Building on UNESCO’s longstanding advocacy to demonstrate the link between culture and development, the Declaration brings together a decade of evidence and initiatives to showcase culture’s indispensable role for sustainability. Culture is at the vanguard of social and economic development in an increasing number of countries. Yet culture is still not fully integrated into sustainable development strategies worldwide. The Hangzhou Declaration urges that public policies need to reflect and scale up the variety of initiatives led at the local and national level. Because of culture’s cross-cutting role across a variety of fields, the Declaration exhorts stakeholders in the cultural sector and beyond – such as education, heath, and urban planning – to integrate culture in strategies for social growth and development.
Cultural and creative industries, such as tourism or heritage, and cultural infrastructure, such as museums and public theaters, are engines for social dialogue and cohesion, as well as jobs and revenues, especially in developing countries, thereby fighting poverty, unemployment and violence. The Declaration suggests that the creative economy, fueled by the power of new technologies, may be the next new economy, following the agrarian, industrial, and service economies.

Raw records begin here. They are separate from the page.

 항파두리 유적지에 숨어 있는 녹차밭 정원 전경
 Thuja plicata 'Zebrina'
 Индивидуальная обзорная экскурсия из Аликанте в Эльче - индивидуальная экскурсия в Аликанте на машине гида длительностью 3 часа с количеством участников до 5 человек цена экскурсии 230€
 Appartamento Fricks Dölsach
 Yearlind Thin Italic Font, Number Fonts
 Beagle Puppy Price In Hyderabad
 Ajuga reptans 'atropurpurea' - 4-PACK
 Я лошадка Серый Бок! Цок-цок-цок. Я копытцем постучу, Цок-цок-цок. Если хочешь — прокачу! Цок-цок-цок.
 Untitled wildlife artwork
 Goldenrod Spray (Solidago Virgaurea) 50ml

The Hangzhou Declaration is a key step in UNESCO’s advocacy to integrate culture into sustainable development strategies, as the international community shapes a new global agenda for sustainable development after 2015. Its recommendations include:
· Integrate culture within all developement policies and programmes, as equal measure with human rights, equality and sustainability
· Mobilize culture and mutual understanding to foster peace and reconciliation
· Ensure cultural rights for all to promote inclusive social development
· Leverage culture for poverty reduction and inclusive economic development
· Build on culture to promote environmental sustainability
· Use culture to strenghten resilience to disaters and combat climate change through mitigation and adaptation
· Value, safeguard and transmit culture to future generations
· Harness culture as a ressource for achieving sustainable urban development and management
· Capitalize on culture to foster innovative and sustainable models of cooperation
The Hangzhou Declaration is expected to play a crucial role in pushing for the full integration of culture into development goals, after 2015. It concludes: “We believe the integration of culture into development policies will set the stage for a new era of global development. We therefore recommend that a specific goal on culture be included as part of the UN Post-2015 development agenda”.